Out-Law News | 10 Dec 2021 | 12:01 am | 1 min. read

China has set up a five-year plan to develop a ‘big data’ industry and play a leading role in international standard-setting.

According to an announcement by China’s ministry of industry and information technology (MIIT), the plan is based on China’s 14th five-year plan and comes as part of the country’s efforts to enhance its regulatory framework for data and technology.

Major tasks in the plan (20-page, 428KB PDF) include to improve data marketisation and set up relevant rules; to improve data security systems and technology; to optimise big data public services and to promote the development of industrial clusters; and to play a leading role in setting up technical standards globally.
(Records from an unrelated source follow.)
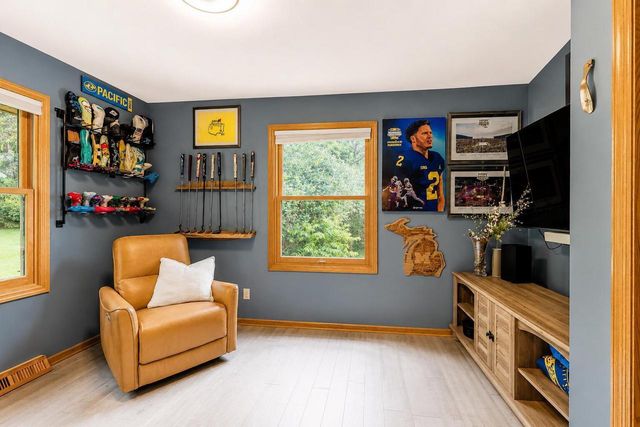 952 Greenway TERRACE, Hartland, WI 53029
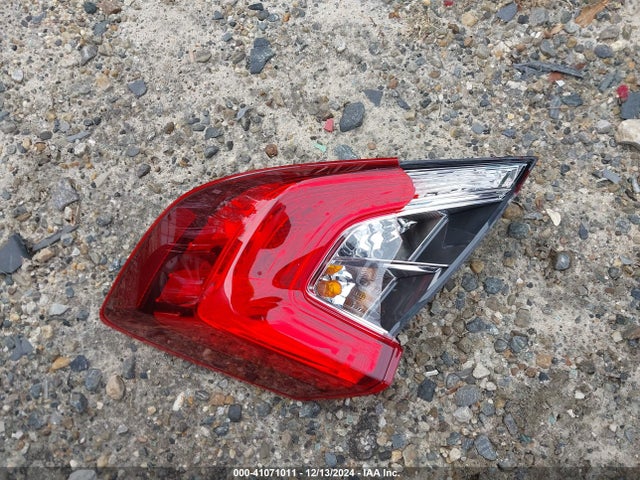 Honda Civic Lx 2018 2HGFC2F57JH575520 Image 12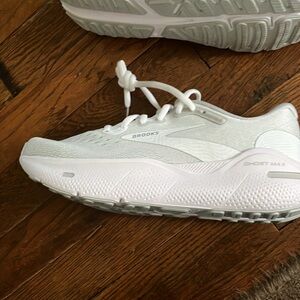 White/Lt Gray Women’s Brooks Ghost Max Sneakers, Size 8, Never Worn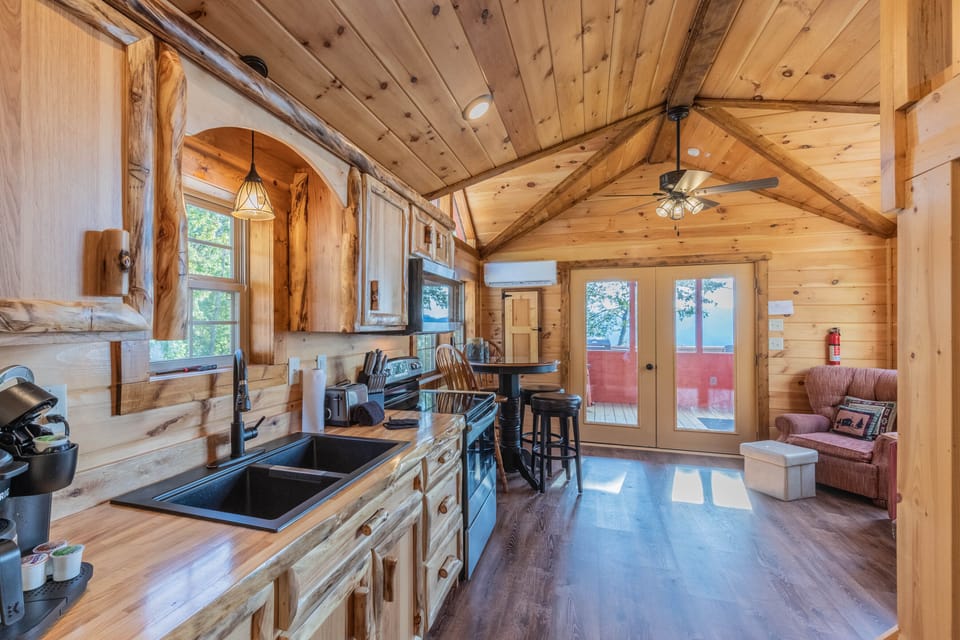 Interior - Tongue and groove ceiling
Leo Xin of Pinsent Masons said: “The five-year plan shows that China will make further efforts to enhance the regulatory framework and legal system in relation to cybersecurity and data security. Meanwhile, it also shows that China has the ambitions to actively take part in the international standard set-up and play a leading role.”

Early in July, the MIIT drafted three-year action plan to develop the country's cyber security industry, which is expected to be worth 250 billion yuan ($38.6 billion) by 2023.

In November, China issued draft cyber data security rules which require companies to undergo a cyber security review if they hold large amounts of data related to issues of national security, economic development or public interest before carrying out mergers, restructuring or splits that affect or may affect national security.

In August, China passed a personal data protection law which came into effect on 1 November.